Twenty years later Bull Durham is still drawing laughs. The film, which tells the story of immature fireballer Nuke LaLoosh (Tim Robbins), crusty catcher Crash Davis (Kevin Costner) and the spunky groupie Annie Savoy (Sarandon) who can't choose between the two, consistently tops lists of the best sports movies. (It was No. 1 in SI's 2003 ranking.) Meanwhile, such lines as "Throw some ground balls—it's more democratic" and "A player on a streak has to respect the streak" have become dugout staples across the baseball world. In Durham, N.C., where Shelton drew inspiration from the real Triple A Bulls, the team still sells movie memorabilia at Durham Bulls Athletic Park, which features a replica of the movie's HIT BULL WIN STEAK bovine sign in leftfield. Bulls attendance soared after the movie and continues to be robust.
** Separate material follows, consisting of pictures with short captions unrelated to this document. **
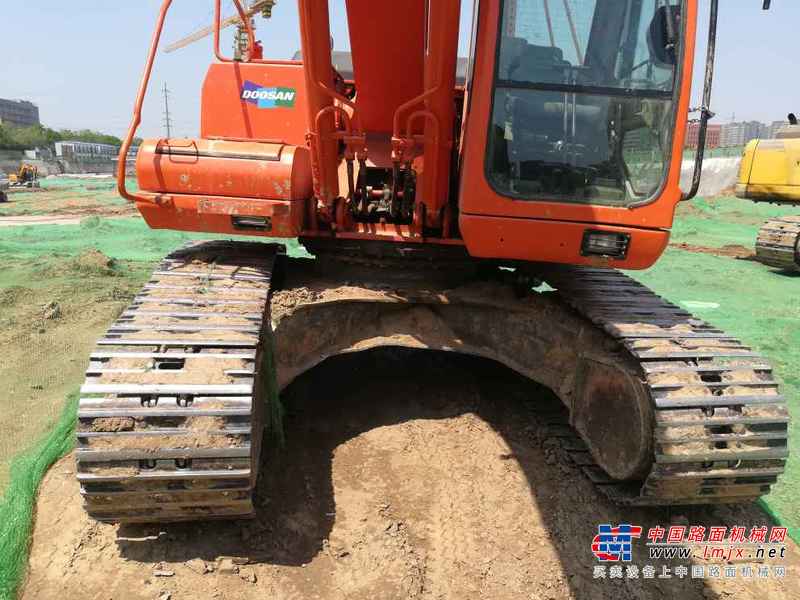 陕西出售转让二手6100小时2011年斗山DH225挖掘机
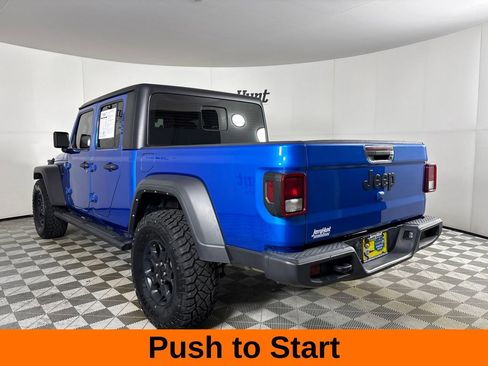 Used 2023 Jeep Gladiator Sport w/ Off Road Group AWD/4WD image 9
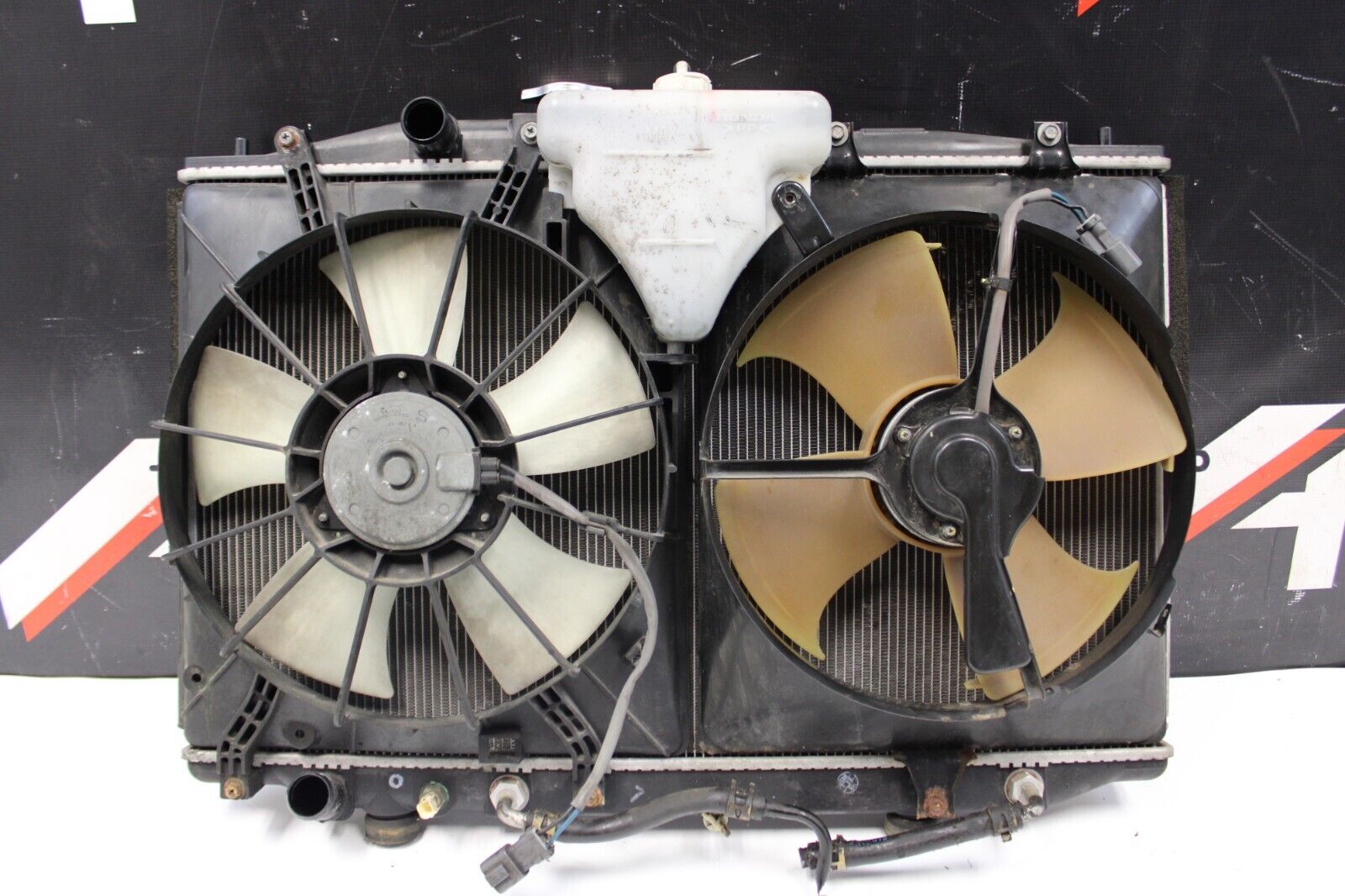 2007-2008 Acura TL Type S RADIATOR FAN ASSY W/ RESERVOIR OEM
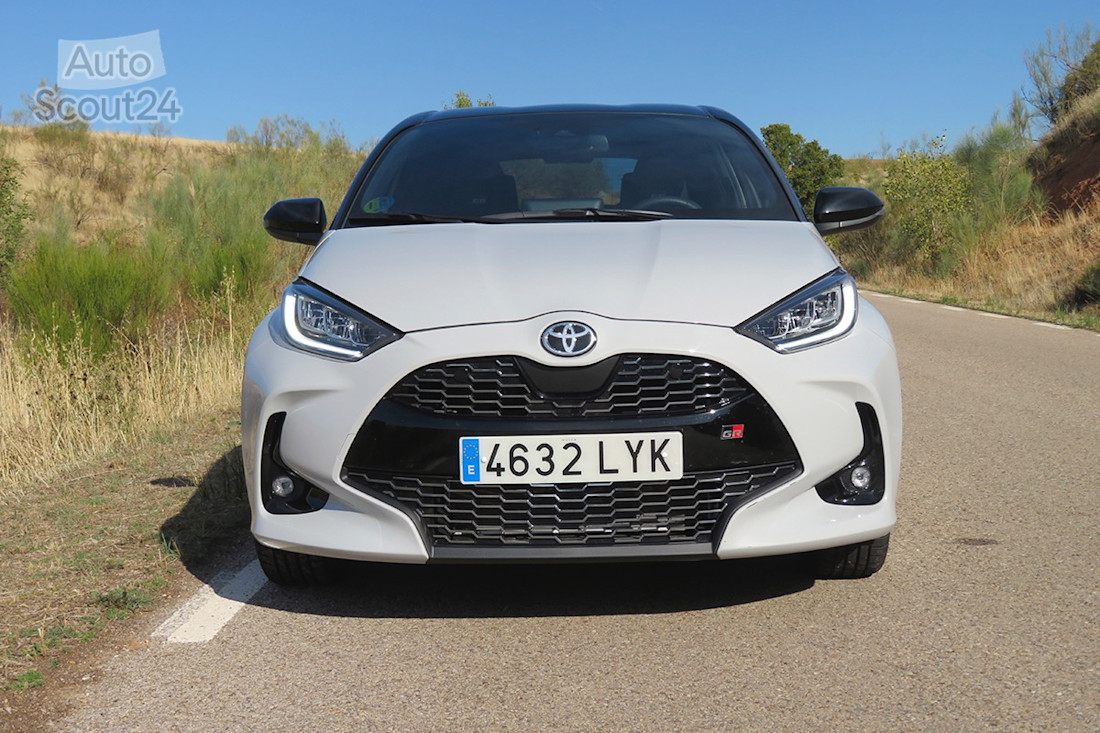 6_toyota_yaris_gr.JPG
Shelton had already written a sports movie (1986's The Best of Times) before Bull Durham, and in the ensuing years he has become Hollywood's celluloid-sports go-to guy, writing and/or directing White Men Can't Jump and Blue Chips (basketball); Tin Cup (golf); The Great White Hype and Play It to the Bone (boxing); and Cobb (baseball). He has two baseball movies in the works, including an HBO adaptation of the BALCO-themed book Game of Shadows—"think All the President's Men meets The Gang That Couldn't Shoot Straight with a little Traffic thrown in," he says. And that makes him think of 1988, too. Shelton was at Game 1 of the World Series that year and recalls Jose Canseco's second-inning grand slam for the A's. "Even then, Dodgers fans were chanting 'Steroids! Steroids!' while Jose made muscleman poses," says Shelton. "It took 20 years for people to catch on? Well, when people ask me why it took 20 years to make another good baseball movie, there's your answer."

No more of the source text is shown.